> **EXERCISE MATERIALS**:
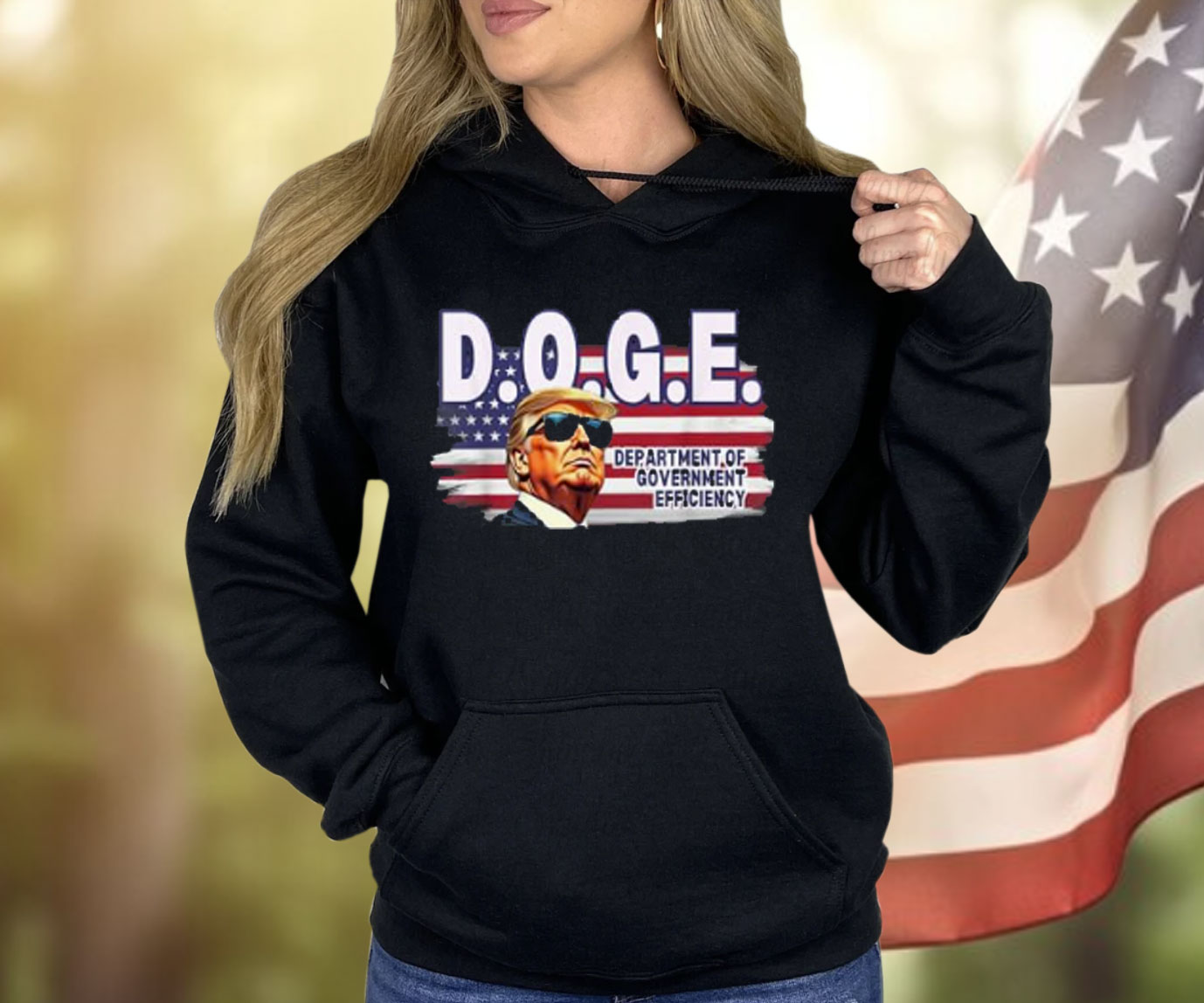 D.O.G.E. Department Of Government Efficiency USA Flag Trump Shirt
---
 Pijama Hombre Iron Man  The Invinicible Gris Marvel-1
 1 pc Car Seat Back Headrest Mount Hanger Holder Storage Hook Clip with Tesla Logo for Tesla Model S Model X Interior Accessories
* * *
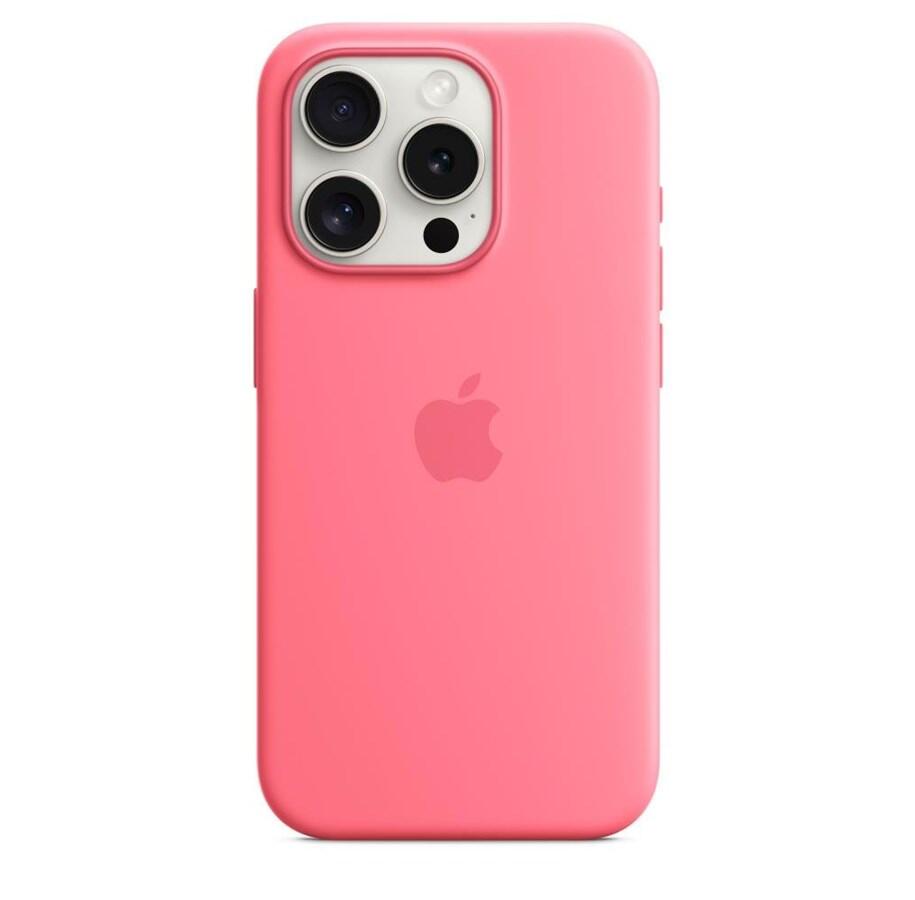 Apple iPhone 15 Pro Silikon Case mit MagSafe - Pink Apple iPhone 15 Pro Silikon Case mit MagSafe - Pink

> **WHAT YOU HAVE TO DO**: A verbatim transcription is needed of the lines above, starting at the line with "Pijama Hombre Iron" and ending at the line with "1 pc Car Seat", both included, and of nothing else.

> **TASK RESULT**:
 Pijama Hombre Iron Man  The Invinicible Gris Marvel-1
 1 pc Car Seat Back Headrest Mount Hanger Holder Storage Hook Clip with Tesla Logo for Tesla Model S Model X Interior Accessories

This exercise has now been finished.